It’s déjà vu all over again, but when it comes to the crisis in the Shelby County Jail, there’s no reason to smile over the famous Yogi-ism.

The fact that the human rights calamity in the jail was solved in the early years of this century is reason enough for the frustration in Mark Luttrell’s voice when the subject of Shelby County Jail comes up.

After all, when he was elected Shelby County sheriff in 2002, Mr. Luttrell inherited a class action lawsuit attacking the jail’s conditions punctuated by harsh comments from U.S. District Court Judge Jon P. McCalla who took the drastic action of appointing a special master to oversee jail operations.  All of this occurred as the U.S. Department of Justice expressed interest in intervening.

Mark Luttrell

Within five years, the judge hailed Mr. Luttrell’s solutions and the transformation of the jail operations and culture.  The new sheriff was uniquely qualified because no sheriff elected in this county before him had a background in corrections.  When elected, he was the only sheriff elected in the state’s 95 counties who had a background in prison management. 
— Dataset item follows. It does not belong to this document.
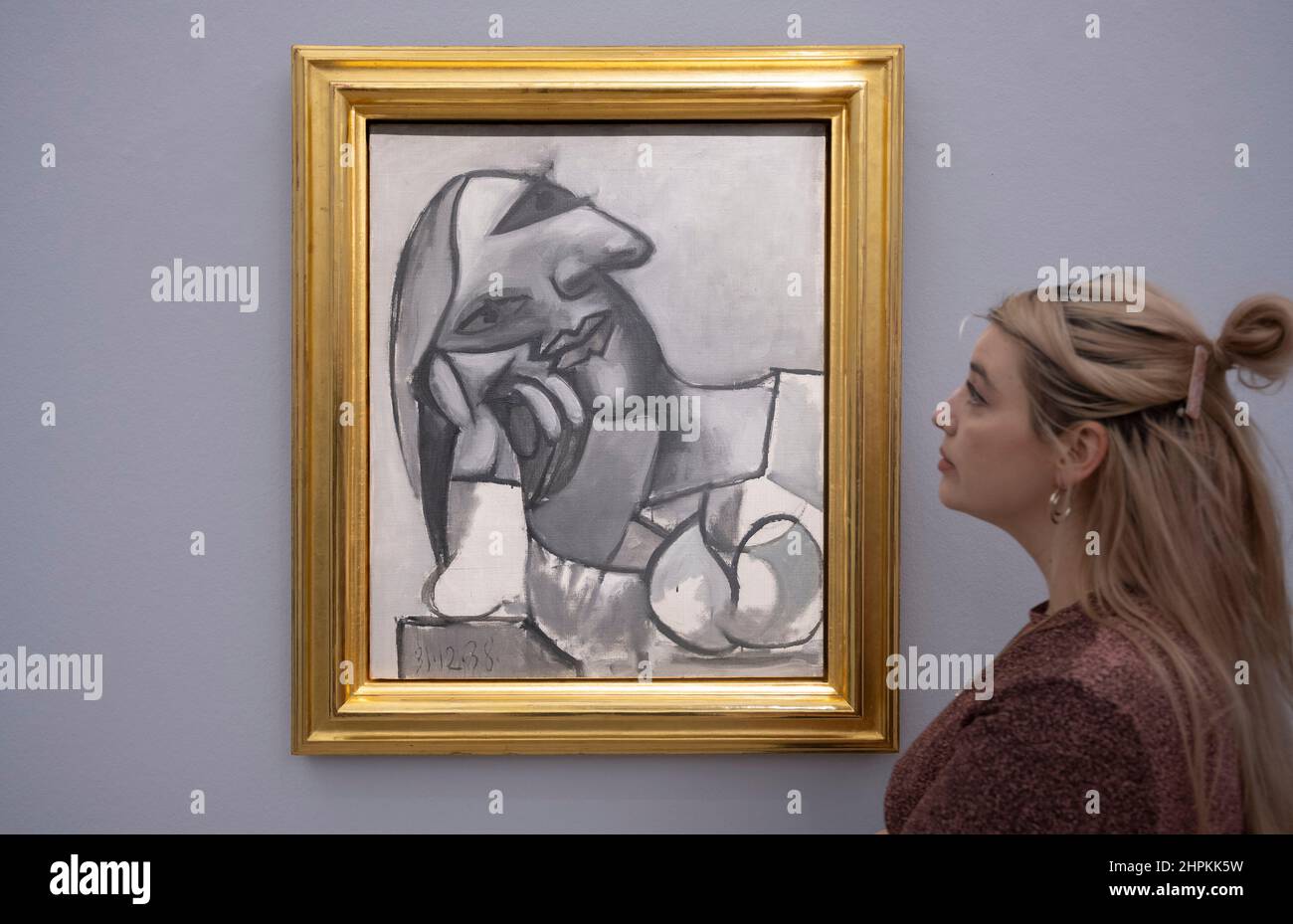 Sotheby's, Londres, Reino Unido. 22 de febrero de 2022. Obras de Magritte, Monet, Picasso, Hockney, van Gogh, Renoir y Banksy en exhibición para la subasta moderna y contemporánea de la tarde y ahora la subasta de la tarde el 2 de marzo en Londres. Imagen: Retrato monocromático de Picasso de sus dos rivales amantes, en el mercado por primera vez, Buste de femme accoudée, gris et blanc, estimación de 10.000.000-15.000.000 libras esterlinas. Crédito: Malcolm Park/Alamy Live News. Foto de stock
He had in fact served as warden of several federal prisons which gave him deep knowledge when confronted by Shelby County Jail operations that were out of control as a result of a culture that placed no value on inmates’ constitutional rights.  It also operated on the mistaken assumption that there was no difference in qualifications between deputies and correctional officers, Mr. Luttrell said.
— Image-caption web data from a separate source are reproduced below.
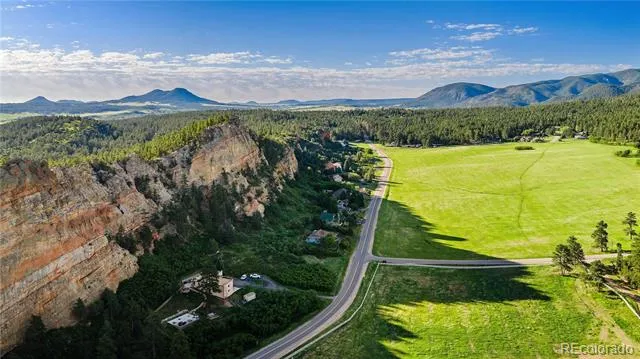 8125 Bannock Drive Larkspur, CO 80118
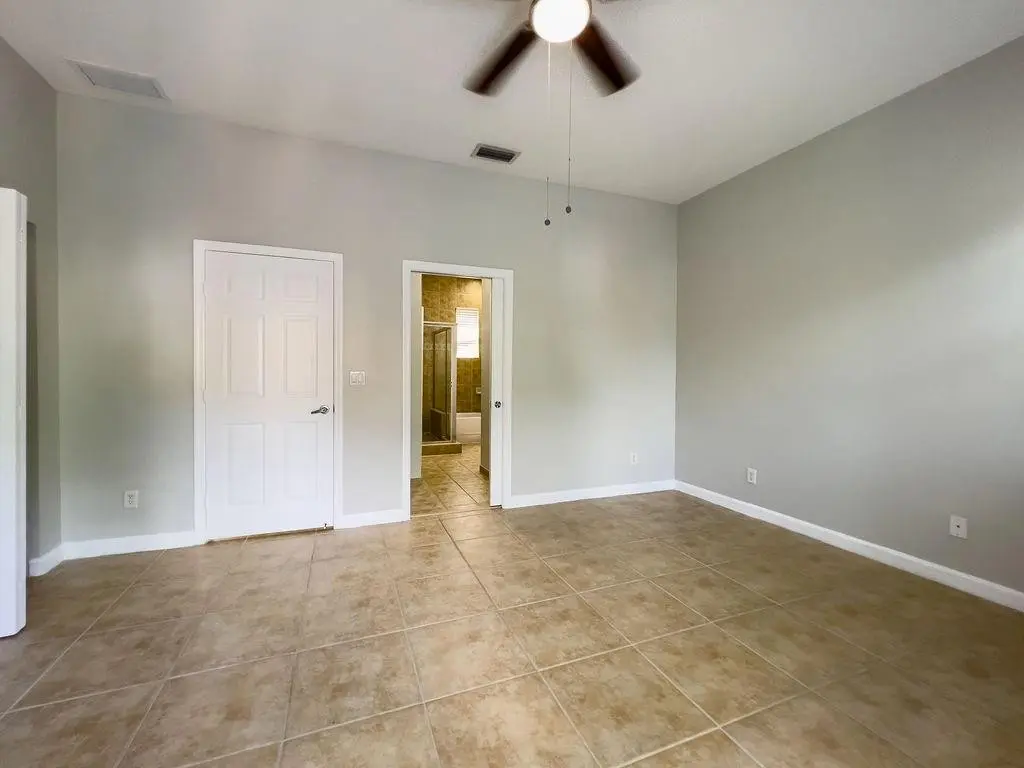 Photo 4 at 2379 Vintage Drive, Lighthouse Point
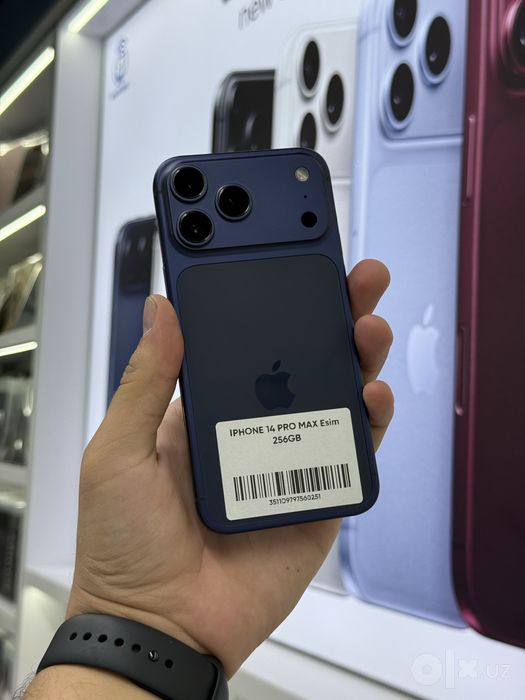 Iphone14pro max 17pro max korpusiga takilgan!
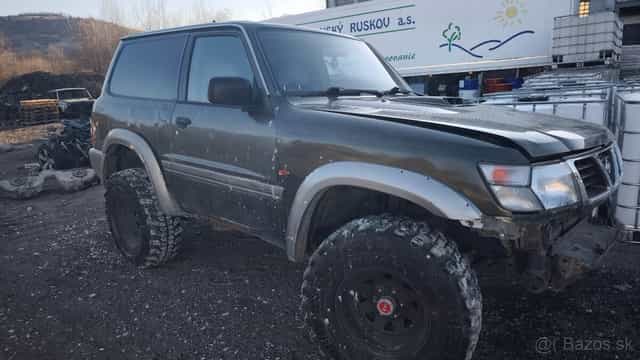 Rozpredám na náhradné diely Nissan patrol y61 2.8td motor up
Even Prisoners Have Rights

All of this gives him special gravitas when he speaks today about the disaster that is jail operations under Sheriff Floyd Bonner.  “If we don’t do something, it will repeat like it was 25 years ago,” said Mr. Lutrell, adding that he has cautioned several sheriffs that the jail would be their greatest liability.

“Inmates have no political power but they have constitutional rights,” he said.  He added that if the problems are not corrected at the local level, ultimately, “a federal court will straighten it out.”

Unlike many elected leaders, Mr. Luttrell’s ability throughout his career to be more of a statesman than a politician allows him to have conversations with people across political partisan lines.  It’s the willingness to listen and talk with everyone that resulted in an illuminating podcast interview on August 4 with Just City’s Josh Spickler.

Shelby County Jail Culture: A Death Sentence For Too Many: November 10, 2025

 In the divisive political context of our times, the willingness for anyone identified with a specific political party to consider any good idea, regardless of the politics or philosophy of the other person, is a breath of fresh air.  As Mr. Luttrell explains it, he may not have the same political positions as Mr. Spickler or Shelby County Attorney General Steve Mulroy, but dismissing their opinions out of hand is a failure of democracy. 

He said it took six years and cost $25-30 million to improve the culture of the jail when he was sheriff.  “The tragedy of all of this is so much time was spent to change the culture” but it has fallen by the wayside, particularly the impact of direct supervision by officers in the jail pods. A new jail is part of the answer but it’s about one-third of the answer. If you want a new jail, great.  Go for a new jail but don’t make a new jail the focus of your remedy.”  The projected cost of a new jail complex has been said to be as high as $1.4 billion but sheriff’s officials say this is the worst case price.

The Malignant Jail Culture

As the death toll of inmates rises to about one fatality a month (67 since 2019), Sheriff Bonner seems unable to grasp the deadly impact of a malignant culture in the jail and the negative impact on the constitutional rights of inmates.   Whether as an attempt at distraction or a sign of incompetence, Mr. Bonner’s focus on a new jail facility sacrifices the immediate need for culture change in favor of a building that is five to 10 years into the future.

Unfortunately, too much of the public – including county elected officials, have been lulled into the same thinking.  “I don’t think too many people feel the crisis in criminal justice, and as a result, it’s an issue the public takes lightly,” said Mr. Luttrell.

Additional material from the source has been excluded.